# Comparing means of frenquencies

#### everylittlestep

##### New Member
Hi all,

Doing a comparison of keyword search frequencies and need some help determining which test to use to compare means:

I was given a list of 200 keywords, and the average number of times they were searched in every month of 2014 and 2015. Took the yearly average for all 200 and want to compare the annual means.
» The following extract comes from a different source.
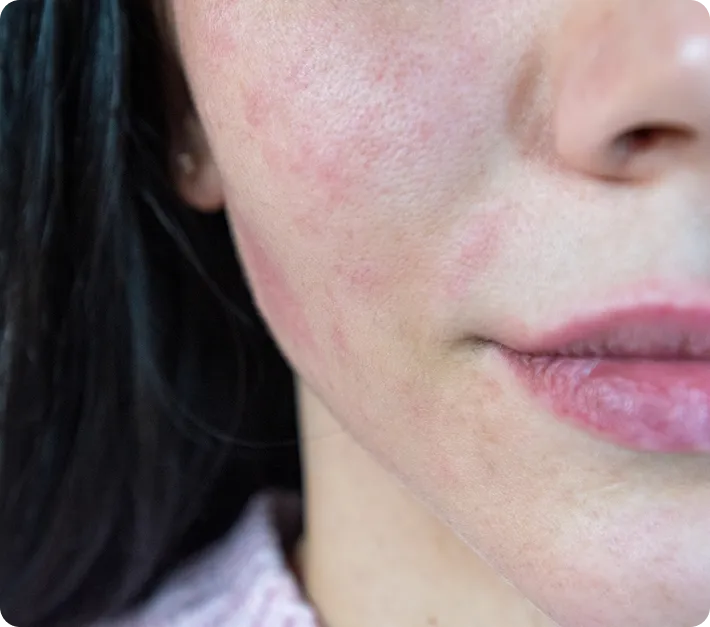 Doctor-Led Rosacea & Facial Redness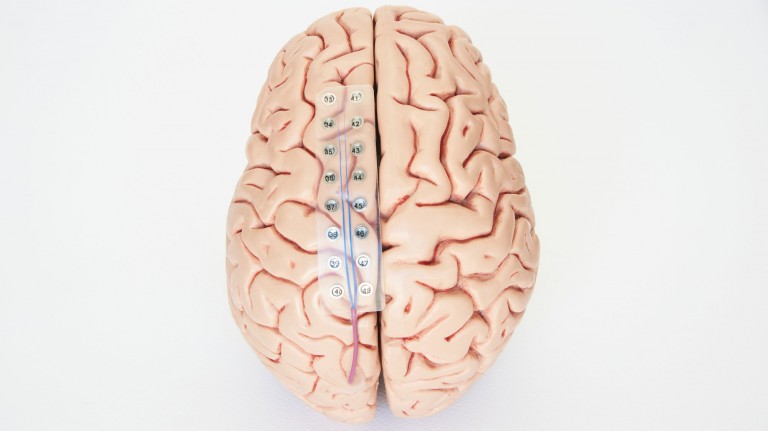 brain implants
Which test do I use for this? Unclear, as I don't have a base-size (presumably all internet users?). My first thought was that my 'n' would be the number of keywords (200) and I would use a paired t-test, but that doesn't seem right... Any help would be much appreciated!

Thanks--

#### hlsmith

##### Less is more. Stay pure. Stay poor.
Well if you are looking at a word that would be count data and could fall under the poisson distribution. Though with high counts and sample sizes it approximates the normal distribution. So ttests may be applicable. Are the two dataset dependent or related in any regards?

#### everylittlestep

##### New Member
The datasets are the same list of 200 keywords; basically, the mean number of searches for any of the keywords was higher in 2015 than in 2014, so trying to figure out how to tell whether the growth was significant.

Thank you!!

#### hlsmith

##### Less is more. Stay pure. Stay poor.
Can you look at them as rates per all searches?

#### everylittlestep

##### New Member
Can you look at them as rates per all searches?
Oh that's interesting; so 'n' would be the total number of searches that year, and my 'data' would be the average quantity -- so in that case would it be a paired t.test, then?

#### hlsmith

##### Less is more. Stay pure. Stay poor.
Why do you reference "paired "? Back to my question if observations are related or if you can match a person's searches.

#### everylittlestep

##### New Member
That's the trouble I'm having; I don't have any data about the people searching, all I have is the list of keywords and the number of times those words were searched per month.

#### hlsmith

##### Less is more. Stay pure. Stay poor.
So you could have a scenario where some dude shows up every and all day searching for a topic. I really want to put a crude example here from a billion dollar online enterprise, but refrained. Now you are unable to control for this dude and his predilections and weight his disproportionate searches in the dataset. Would that be an issue for you? In most stats models you want independence in observations, it is a common assumption.